50 or just below 50 is as far as you can go with straight recursive implementation. You can switch to iterative or dynamic programming (DP) approaches if you want to go much higher than that. I suggest learning about those from this: https://www.javacodegeeks.com/2014/02/dynamic-programming-introduction.html. And don't forget to look the a solution in the comment by David therein, real efficient. The links shows how even n = 500000 can be computed instantaneously using the DP method. The link also explains the concept of "memoization" to speed up computation by storing intermediate (but later on re-callable) results.

Answer 6

There is a way to calculate Fibonacci numbers instantaneously by using Binet's Formula

Algorithm:

function fib(n):
   root5 = squareroot(5)
   gr = (1 + root5) / 2
   igr = 1 - gr
   value = (power(gr, n) - power(igr, n)) / root5

   // round it to the closest integer since floating 
   // point arithmetic cannot be trusted to give
   // perfect integer answers. 
   return floor(value + 0.5) 

Once you do this, you need to be aware of the programming language you're using and how it behaves. This will probably return a floating point decimal type, whereas integers are probably desired.

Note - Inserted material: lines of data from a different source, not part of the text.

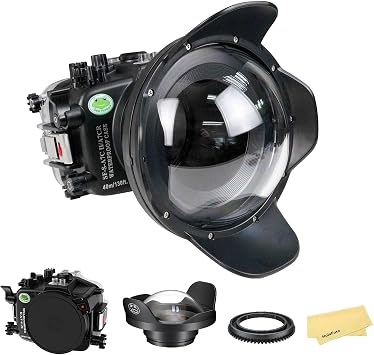 Seafrogs Underwater Housing for Sony A7C II/A7CR 40M/130FT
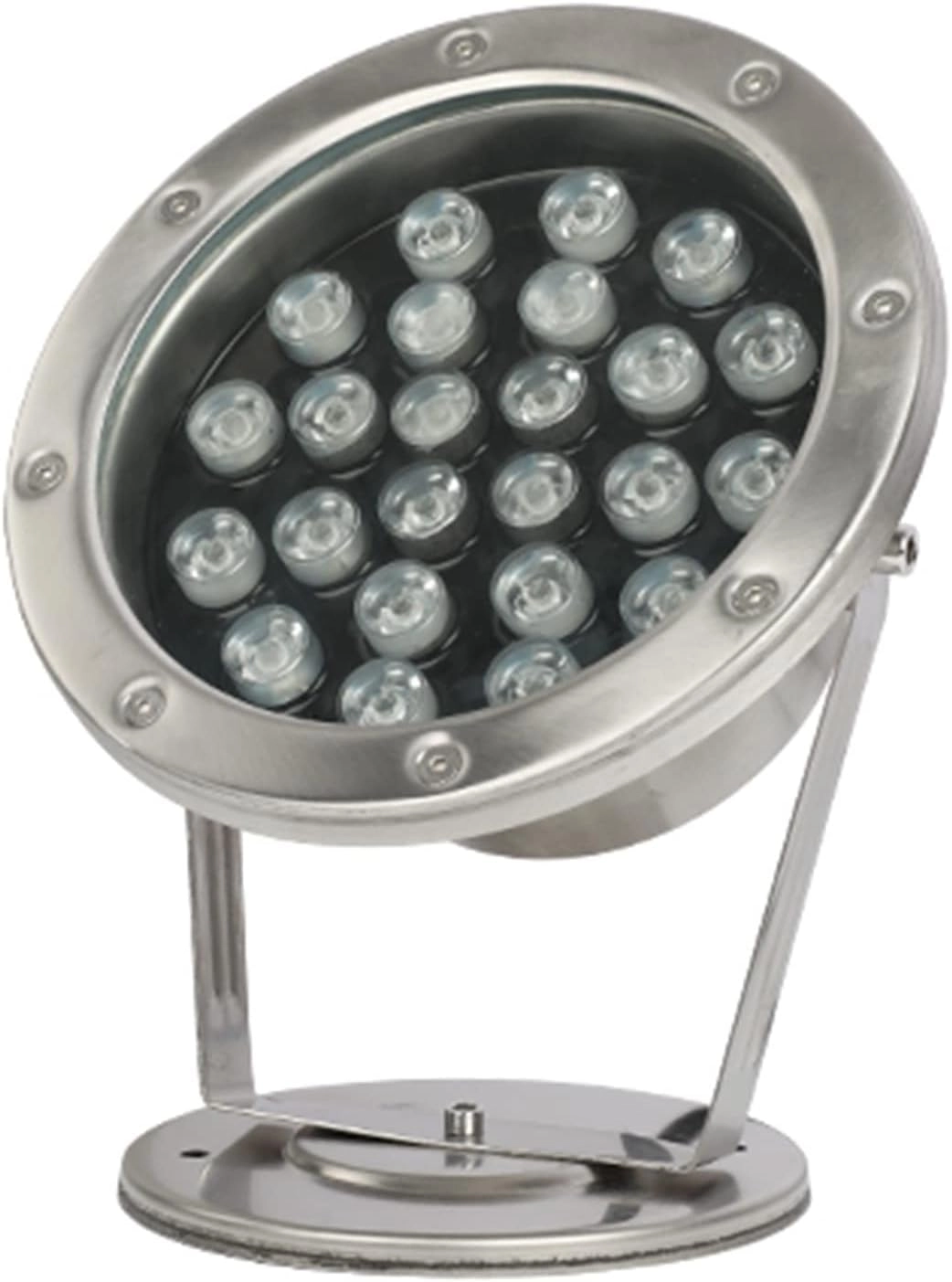 PMTCBQQZ Underwater Led Lights - IP68 Waterproof 24W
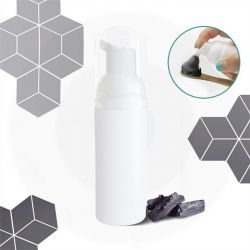 Dentifrice Mousse Blanchissant les Dents au Charbon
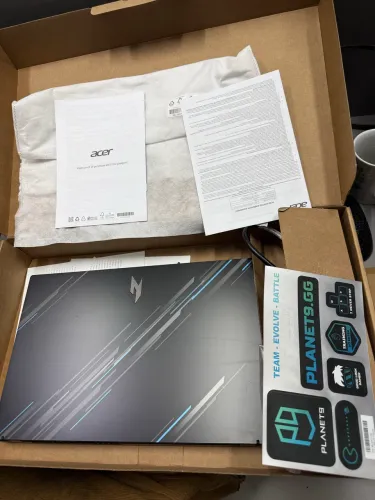 NOTEBOOK ACER NITRO I7 13 + RTX 3050 16GB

The complexity of this solution is O(1).

Answer 7

This method of solution is called dynamic programming

1. In this method we are remembering the previous results

2. so when recursion happens then the cpu doesn't have to do any work to recompute the same value again and again

   class fibonacci
   {
   static int fib(int n)
    {
   /* Declare an array to store Fibonacci numbers. */
      int f[] = new int[n+1];
      int i;
   
      /* 0th and 1st number of the series are 0 and 1*/
      f[0] = 0;
      f[1] = 1;
   
      for (i = 2; i <= n; i++)
      {
          /* Add the previous 2 numbers in the series
           and store it */
          f[i] = f[i-1] + f[i-2];
       }
   
       return f[n];
     }
   
   public static void main (String args[])
       {
          int n = 9;
          System.out.println(fib(n));
       }
   }